結論 本件審判の請求は、成り立たない。 審判費用は、請求人の負担とする。
理由 1.手続きの経緯
本件登録第2580074号の請求項1ないし2に係る考案(以下、「本件考案1ないし2」という。)についての出願は、平成5年4月2日に実用新案登録出願され、平成10年6月19日にその実用新案権の設定登録がなされ、その後、平成14年5月24日に大宏電機株式会社より無効審判の請求がなされたものである。

2.本件考案
本件考案1ないし2は、願書に添付した明細書の実用新案登録請求の範囲の請求項1ないし2に記載された次のとおりのものと認められる。
【本件考案1】
「上方に開口せるハウジングの開口部に接触部が配列された複数の接触子と、該ハウジングに保持された部材に形成され上記開口部に臨む位置に設けられた回動支持部と、上記接触子に近接した所定位置と該所定位置から離反した開放位置との間を上記回動支持部により回動自在に支持され、上記所定位置に向け回動した際に上記接触子上に配されたフレキシブル基板を接触子に対して圧する加圧突部を有する蓋状の加圧部材を備えるフレキシブル基板用電気コネクタにおいて、回動支持部は、該回動支持部の回動軸線方向における各接触子と対応せる位置で複数に分割され、それぞれが上記対応せる接触子と一体に形成され、ハウジングの対応保持溝に保持されていることを特徴とするフレキシブル基板用電気コネクタ。」
【本件考案2】
「上記加圧突部は、上記加圧部材が開放位置にあるときには回動支持部の回動中心と接触子の接触部とを結ぶ線よりも外方にあり、加圧部材が所定位置まで回動したときには上記線を越えるように位置づけられていることとする請求項1に記載のフレキシブル基板用電気コネクタ。」

3.請求人の主張
審判請求人は、本件請求項1ないし2に係る登録実用新案を無効とする、審判費用は被請求人の負担とする趣旨の無効審判を請求し、証拠方法として、甲第1号証(特開平1-315976号公報)、甲第2号証(実願平2-104454号(実開平4-61883号)のマイクロフィルム)を提出し、以下の理由により、本件請求項1ないし2に係る登録実用新案は無効とすべきであると主張している。
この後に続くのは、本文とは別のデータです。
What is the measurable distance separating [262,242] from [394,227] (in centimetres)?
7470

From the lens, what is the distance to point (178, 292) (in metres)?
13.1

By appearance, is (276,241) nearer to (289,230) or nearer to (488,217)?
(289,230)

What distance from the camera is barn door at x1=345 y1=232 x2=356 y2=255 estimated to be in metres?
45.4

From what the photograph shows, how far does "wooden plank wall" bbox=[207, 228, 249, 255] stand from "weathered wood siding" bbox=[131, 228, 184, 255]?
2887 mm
(1)本件考案1は、甲第1号証刊行物に記載された考案であるから実用新案法(平成5年法改正前)第3条第1項第3号に該当し、また、同考案に基いて当業者がきわめて容易に考案することができたものであるから同法第3条第2項の規定により、実用新案登録を受けることができないものである。
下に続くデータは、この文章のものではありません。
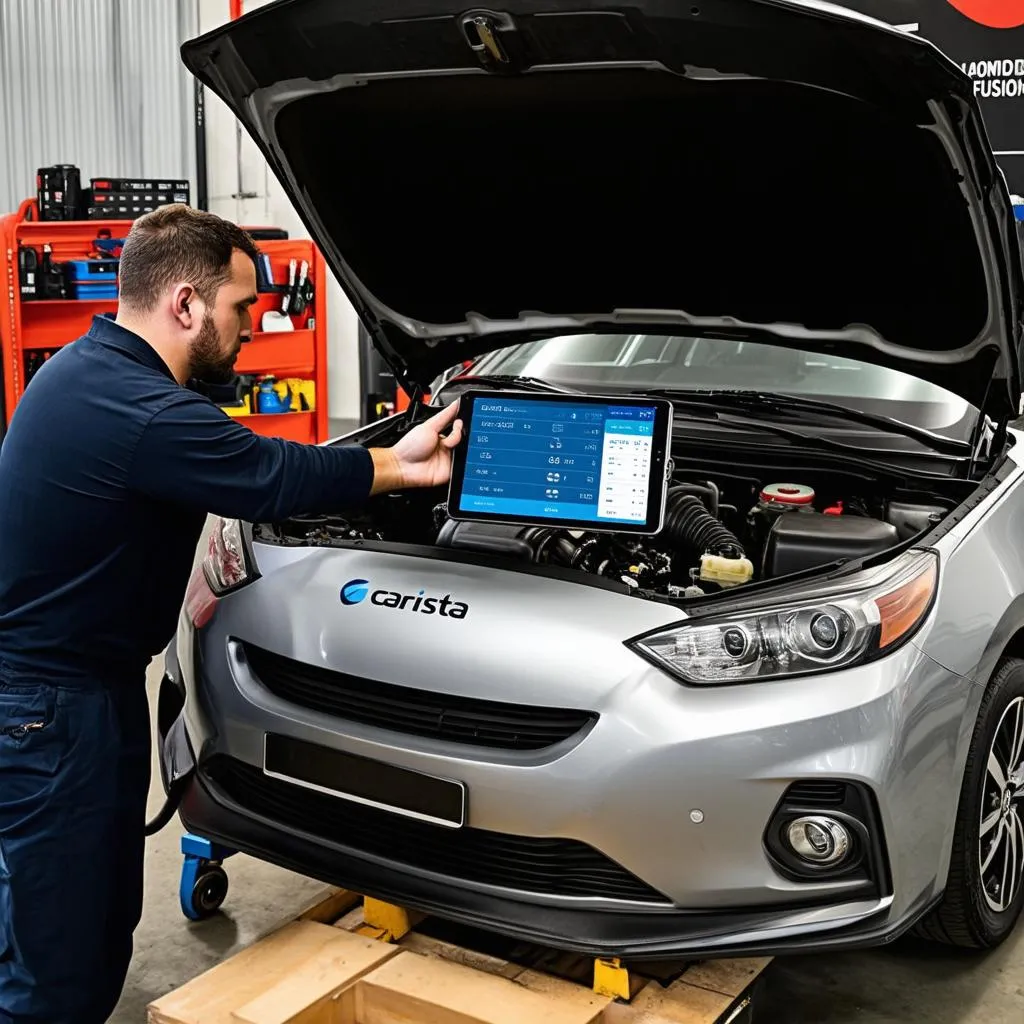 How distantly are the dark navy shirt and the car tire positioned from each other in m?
1.18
(2)本件考案2は、甲第1号証および甲第2号証刊行物に記載された考案に基いて当業者がきわめて容易に考案することができたものであるから同法第3条第2項の規定により実用新案登録を受けることができないものである。
(3)請求項1には考案の構成に欠くことができない事項のすべてが記載されておらず、本件実用新案登録は、同法第5条第5項第2号に規定する要件を満たしていない実用新案登録出願に対してされたものである。

4.甲号各証に記載された考案
(1) 甲第1号証には次の記載が認められる。
(イ)「この発明は、電気導体を印刷回路板の回路に接続する無挿入力式電気コネクタに関する。」(第3頁右上欄第2?3行)
(ロ)「まず第1図を参照して、本発明の電気コネクタ2は、平可撓ケーブル200の電気トレース202を印刷回路板210に接続する。」(第5頁右上欄第8?10行)
(ハ)「今度は第14,15図を参照して、本発明のコネクタによって平リボンケーブル700の導体702を印刷回路板の印刷回路板トレースに接続することもできる。」(第8頁左上欄第4?7行)
(ニ)「電気コネクタ602の主要構成要素として絶縁ハウジング604、複数の端子630ならびにカム670がある。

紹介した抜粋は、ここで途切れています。